On 11/26/13 8:51 AM, Attila Kinali wrote:
On Tue, 26 Nov 2013 11:37:10 -0500
"quartz55" <[email protected]> wrote:

Does anyone know what is inside the commercial units, like the PCTEL 
GPS-TMG-HR-26N I have?

Three types of GPS antennas are common:
* ceramic carrier patch antennas
* cross dipole antennas
* helical designs

The patch antennas are even found in "expensive" antennas with cones
or choke rings.


the challenge with a patch is getting a pattern that goes down to the horizon.


The Trimble Bullet antenna is AFAIK a cross dipole type where the dipole
ends are bend down for a more GPS like radiation pattern.

Crossed dipoles are very common in "survey grade" antennas. Typically the dipole elements are more "fan" like, wide at the end skinny in the middle, and the whole thing is shaped like it is draped across a dome. The "bowtie" improves the bandwidth, which is important in a 3 band antenna. Drooping the ends helps improve the pattern, and also changes the input Z. I don't know how they do the phase quadrature.. do they make one dipole a bit longer and the other a bit shorter? I don't know that this works over the whole L5,L2, L1 band, though.

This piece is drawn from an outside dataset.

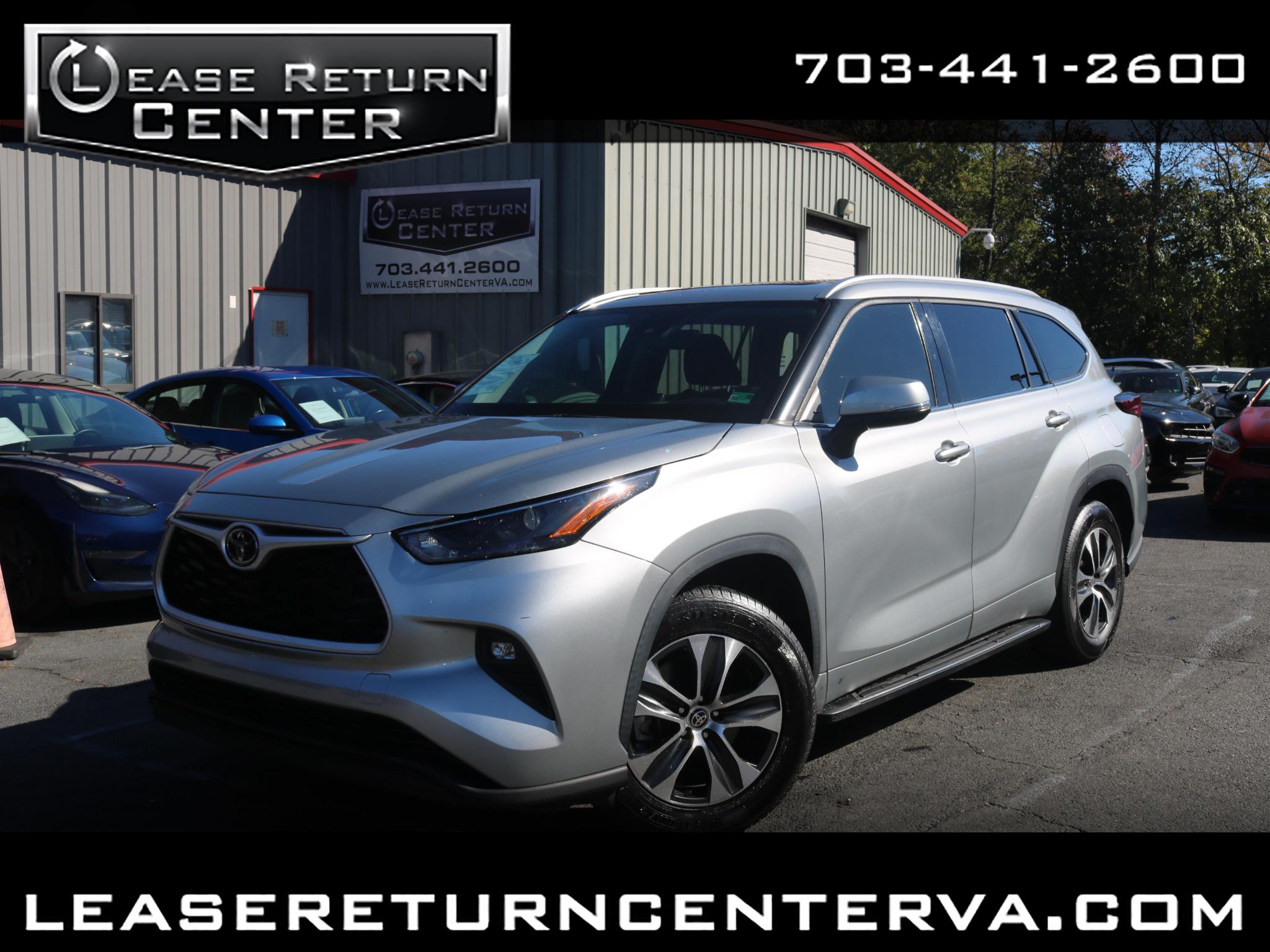 Toyota Highlander XLE FWD (Natl) 2022 Toyota Highlander XLE FWD (Natl) 2022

Or some sort of quadrature hybrid.


Helical designs vary greatly in their fabrication. I think most of the
newer ones use some flex PCB that is bend into a pipe shape to form the
helix (very cheap from a manufacturing point of view).
High quality helix are either free space (like your QFH) or done on some
ceramic pipe. I'm not aware of anyone using MID (molded interconnect device)
for this kind of antenna. Although MID antennas have been the standard
for cellphone antennas for quite some time already.

The classic helibowl antenna uses wire or copper foil tape wound on a plastic cup. Helicals are pretty non critical in design, but don't necessarily have good patterns at the horizon.

don't forget the spiral pinwheel antenna, e.g. from Novatel.